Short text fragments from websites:
____________

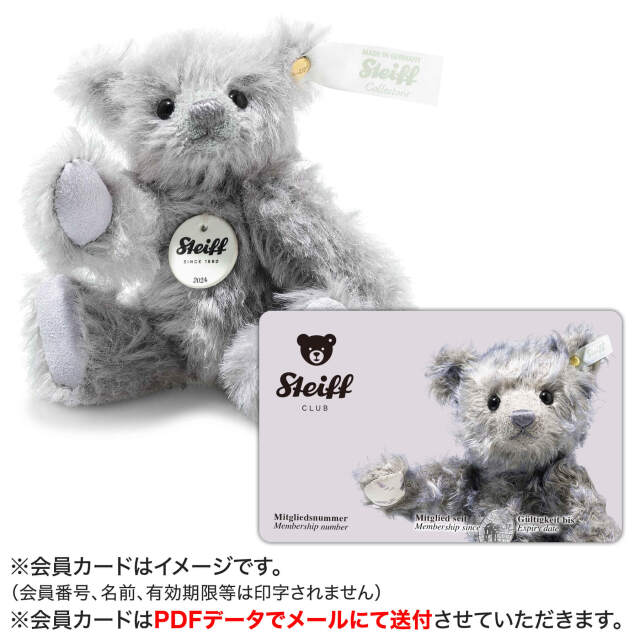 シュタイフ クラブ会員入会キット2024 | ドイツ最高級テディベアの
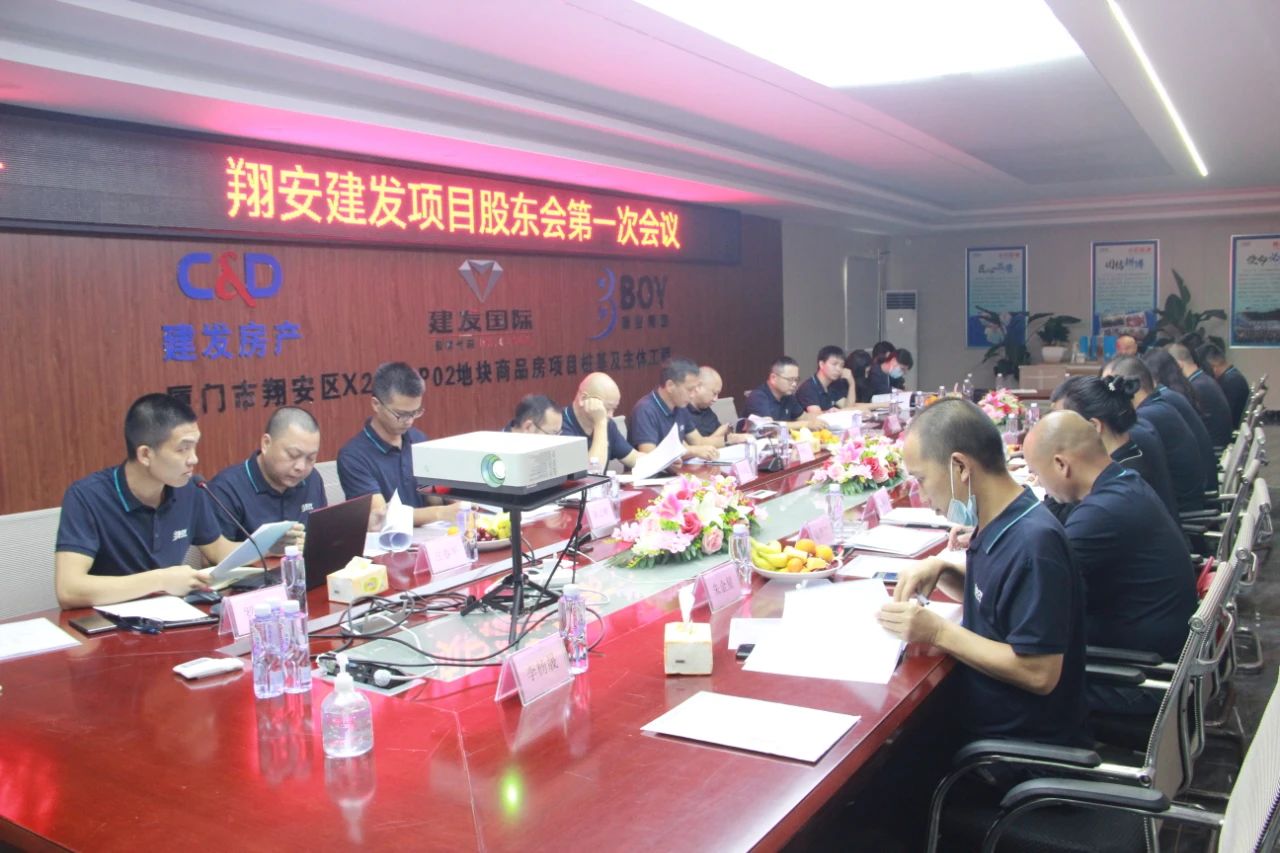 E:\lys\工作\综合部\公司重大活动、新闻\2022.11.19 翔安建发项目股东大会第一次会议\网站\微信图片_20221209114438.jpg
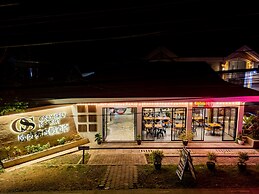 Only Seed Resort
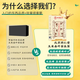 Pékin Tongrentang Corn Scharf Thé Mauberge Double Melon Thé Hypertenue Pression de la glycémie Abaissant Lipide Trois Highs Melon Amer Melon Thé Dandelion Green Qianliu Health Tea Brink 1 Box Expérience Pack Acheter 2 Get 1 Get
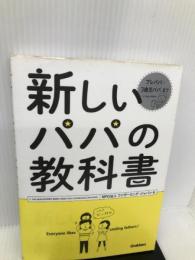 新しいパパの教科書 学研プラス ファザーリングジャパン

____________

The records above must be echoed exactly, minus their pictures.

TASK ANSWER:
 シュタイフ クラブ会員入会キット2024 | ドイツ最高級テディベアの
 E:\lys\工作\综合部\公司重大活动、新闻\2022.11.19 翔安建发项目股东大会第一次会议\网站\微信图片_20221209114438.jpg
 Only Seed Resort
 Pékin Tongrentang Corn Scharf Thé Mauberge Double Melon Thé Hypertenue Pression de la glycémie Abaissant Lipide Trois Highs Melon Amer Melon Thé Dandelion Green Qianliu Health Tea Brink 1 Box Expérience Pack Acheter 2 Get 1 Get
 新しいパパの教科書 学研プラス ファザーリングジャパン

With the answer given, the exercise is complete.